She shuddered. “You don’t know these passionate Latins. He’s as gentle as a baby or as violent as a thunderstorm. Moody, talented, perverse. I just couldn’t. Not without proof of some kind.”
I walked over to her desk to put out my cigarette. I stared down the front of her dress. Everything about Miss Carstairs was real. “Young guy?”
Her eyes looked surprised. “Why, yes. They all are now you know. Dior turned them out in droves after the war. St. Laurents, Le Maine, Beauchamp — Hugo can’t be more than twenty-nine.”
“How does he feel about you or more importantly, how do you feel about him?”
Miss Carstairs stood up behind the desk. What her face and neckline had promised, the rest of her delivered. Her hips tapered smartly and sexually in a powder-blue chiffon something or other.
“I’m sure these questions are necessary though I’m not quite sure why. But I asked you to come here so I’ll put up with your bluntness. Hugo Orlando eats women alive. All weights, all shapes, all sizes. He’s God’s gift to women. Black wavy hair, perfect teeth and a body like an Olympic athlete. Fortunately, we are merely business associates. I like him but he is not my cup of tea. Nor did I make the mistake of falling in love with him. A woman would go crazy with jealousy if she really cared for him. Understood?”

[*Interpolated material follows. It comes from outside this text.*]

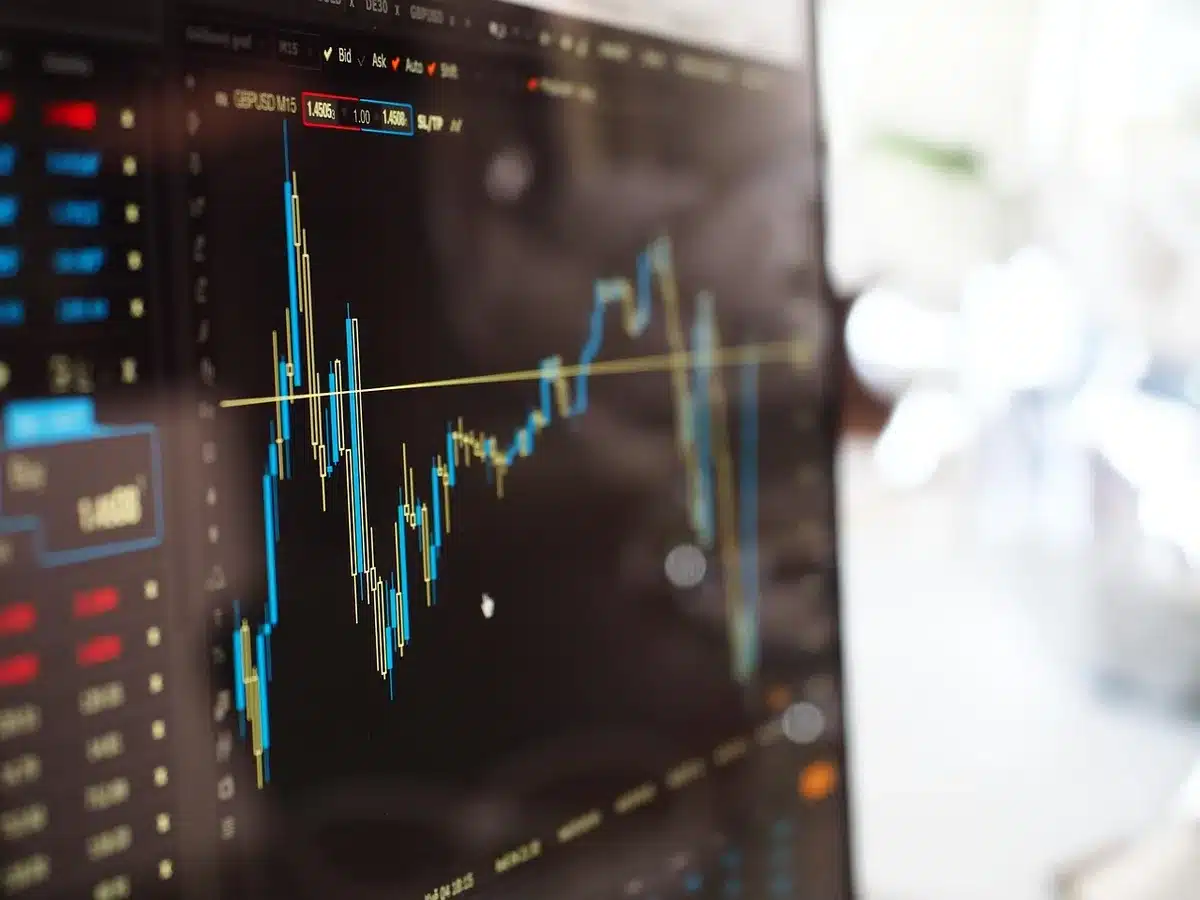 Gráfico de línea serrucho mostrando oscilaciones económicas entre subidas y caídas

“Understood.” We were checking each other back like invoices. I looked into the violet eyes. “You’ll have to point him out to me and I’ll take it from there —”
The golden door behind me suddenly clicked open. I turned easily. Miss Carstairs lost some of her executive stability. I could see she wasn’t going to have to finger Hugo Orlando for me. He came as advertised. He was standing in the doorway with loads of charm spilling from a pure Roman face, replete with bronze, dimples and dreamy eyes. With a slight bow of door-wide shoulders encased in Ivy League-Continental charcoal grey, he began a Pinza-loaded apology.

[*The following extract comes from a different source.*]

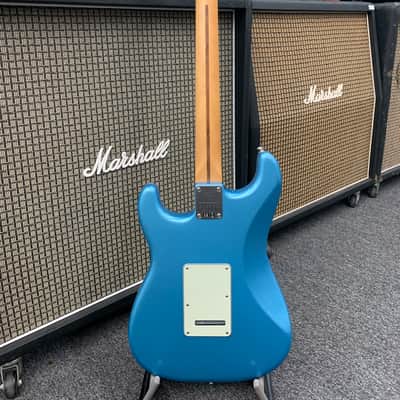 Fender Player Plus Stratocaster with Pau Ferro Fretboard 2021 - Present - Opal Spark image 7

“Oh. I am so sorry. I did not know. Forgive me. Alberta, I come back later —”
“Come in, Hugo. Come in. We’re all through here. Mr. Noon, meet our Mr. Orlando. Hugo, Mr. Noon is with Sloane-Regis. Guests of our Show next week —”
She handled the lie so easily, Hugo Orlando and I briefly nodded to each other in passing. Our eyes met, found nothing, and Hugo Orlando swept by me in to the office. I said a meaningless good-bye to Miss Carstairs, promised to keep in touch and closed the door behind me. I had two fast impressions before I cleared out.
Hugo Orlando was very worried about something. His hands were anchored into the pistol pockets of his grey trousers, throwing back the tails of his form-fitting jacket. Also, Miss Carstairs — forgive me, Alberta — was the jealous type.
I walked past the unreal receptionist at the desk and found another golden door leading out. I had to plan my campaign for Hugo Orlando, kicking myself for not grabbing a retainer from Miss Alberta Carstairs first crack out of the box.
There was a coffee shop on the ground floor of 1407 Broadway. I took a booth, ordered lunch, and mulled over some notions. I had a couple but they could wait until I fed the inner man.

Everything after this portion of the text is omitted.